Mets starting pitcher Max Scherzer is greeted in the dugout...

Mets starting pitcher Max Scherzer is greeted in the dugout after the top of the seventh inning against the Philadelphia Phillies in an MLB baseball game at Citi Field on Thursday, June 1, 2023. Credit: Kathleen Malone-Van Dyke

Before we jump to any conclusions about the Mets completing a three-game sweep of the Phillies with Thursday’s 4-2 victory at Citi Field, it’s important to keep one thing in mind.

For whatever reason, they always beat the Phillies — or at least a large majority of the time, as Buck Showalter & Co. improved to 17-5 against their closest, geographically speaking, neighbor in the NL East.

That said, the Mets provided plenty to feel good about during these past three days, and let’s face it — how often has that really happened this season?

A rhetorical question, of course. The first two months, for the most part, weren’t all that great, which is why being three games over .500 (30-27) for the first time since May 1 (16-13) should be an occasion to rejoice in Flushing.

The Mets got there this time on the backs of the rotation, as Max Scherzer finished the sweep Thursday just as you’d expect a $43-million ace to do: seven innings, one earned run, nine Ks. If not for Francisco Alvarez airmailing a throw into leftfield on a Phillies’ double-steal in the first inning — they turned that into a fast 2-0 lead — the damage would have been almost negligible, as Scherzer allowed only five singles (one was a bunt) and a walk. 

Combine that with the efforts from Kodai Senga and Carlos Carrasco, and here’s the three-game tally for the Mets’ rotation: 20 innings, two earned runs, 22 strikeouts and a pair of walks. That didn’t leave much for the bullpen to do, and after Showalter leaned on his highest-leverage guys for the first two Ws, the manager relied on Jeff Brigham, Brooks Raley and Drew Smith to nail down the sweep.

That’s a winning formula. Mix in another two-run homer by Mark Canha, his second in as many days to go with six RBIs over that span, then sprinkle in a Mark Vientos pinch-hit sacrifice fly, and the Mets had to be thrilled by the roster-wide contributions.

 

“If you keep working quick, have quick innings, and keep our hitters at the bat rack, typically good things happen,’ Scherzer said. “To see [Canha] come alive and start catching fire here, that’s what we need. You need a total team effort offensively in order to beat teams. It can’t just be Pete [Alonso] in the middle of the lineup hitting homers. It’s got to be everybody.”

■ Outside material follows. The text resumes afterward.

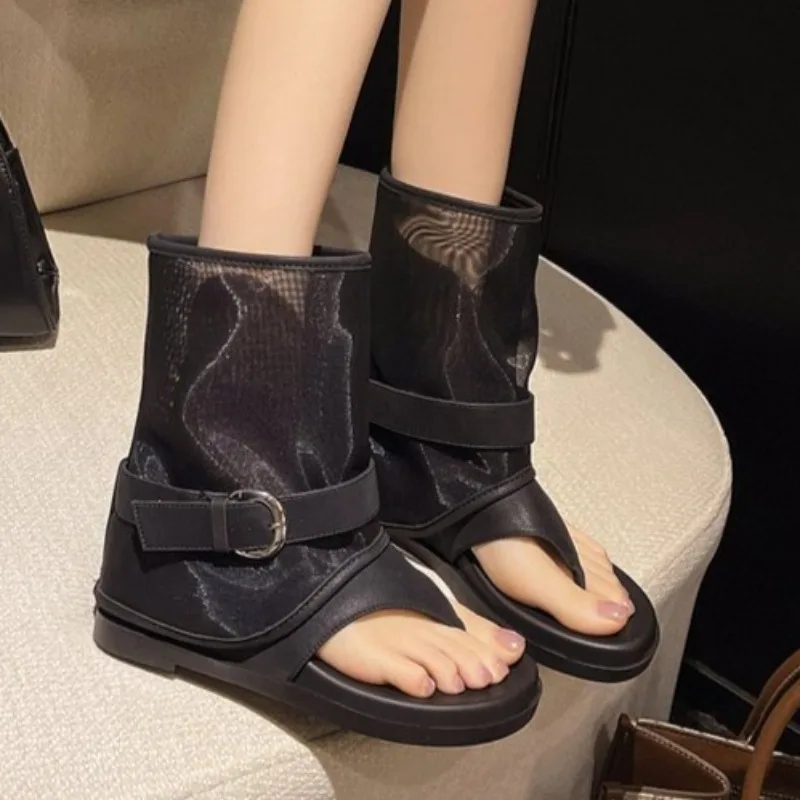 

Summer Women's Boots Fashion Hollow Out Mesh Boots Roman for Women Flat Cool Boots Sandals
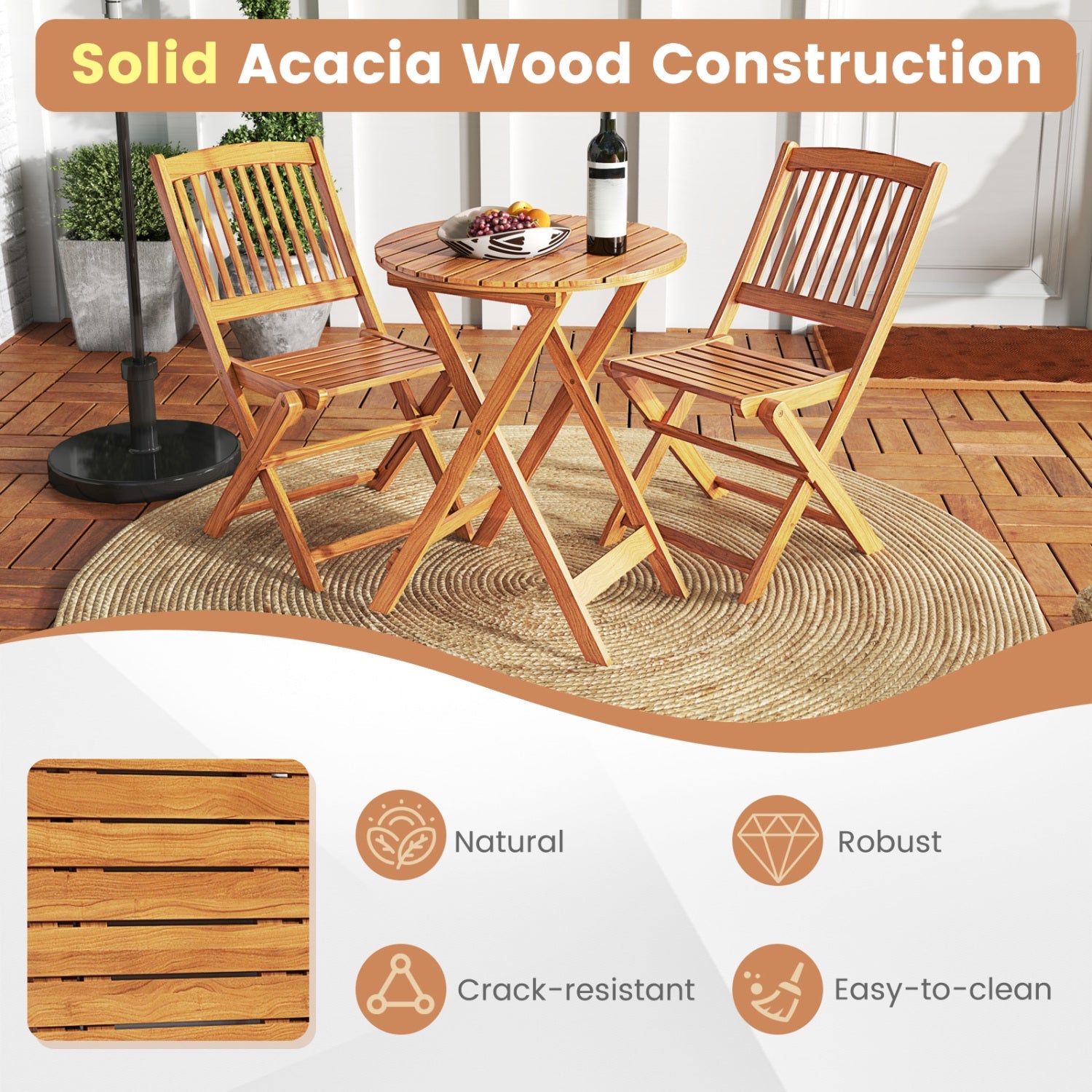 3-Piece Acacia Wood Folding Bistro Set round table with two chairs on patio on Tampa Home & Garden Store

That’s what Showalter had in mind recently when the manager took aside some of his rotating group of less-regular players and told them not to take the lineup decisions personally. It’s a message that apparently resonated with Canha, while Vientos is probably still considered very much in the adjustment phase of being a part-timer.

Why Vientos is stuck in that DH limbo while Daniel Vogelbach continues to get the lion’s share of starts there remains a mystery (it’s also stunning that pitchers are so reluctant to throw him strikes). And yet, Showalter keeps using Vogelbach, a DH with six extra-base hits in 44 games whose last RBI came on May 7.

Consider that an ongoing debate, one Showalter does not enjoy participating in. But Vientos helped his case Thursday with that 112.8-mph bullet of a sacrifice fly to centerfield — the hardest-hit ball of his career.

“I was talking to the ball, saying, 'hey, go over his head, go over his head,'” Vientos said. “But I got the job done, so...”

That was the bottom line for the Mets in this series, and if Justin Verlander can double-down Friday on what the rotation has been doing all week, we’ll be forgetting about the team’s miserable May, which was supposedly against MLB’s softest competition. 

Scherzer definitely answered the call, and his last four starts (1.08 ERA) have changed the early narrative suggesting that the three-time Cy Young was approaching empty on the career tank. But he’s silenced that noise for the time being, the chatter of his advancing age — 39 next month — and the 10-game sticky-stuff suspension.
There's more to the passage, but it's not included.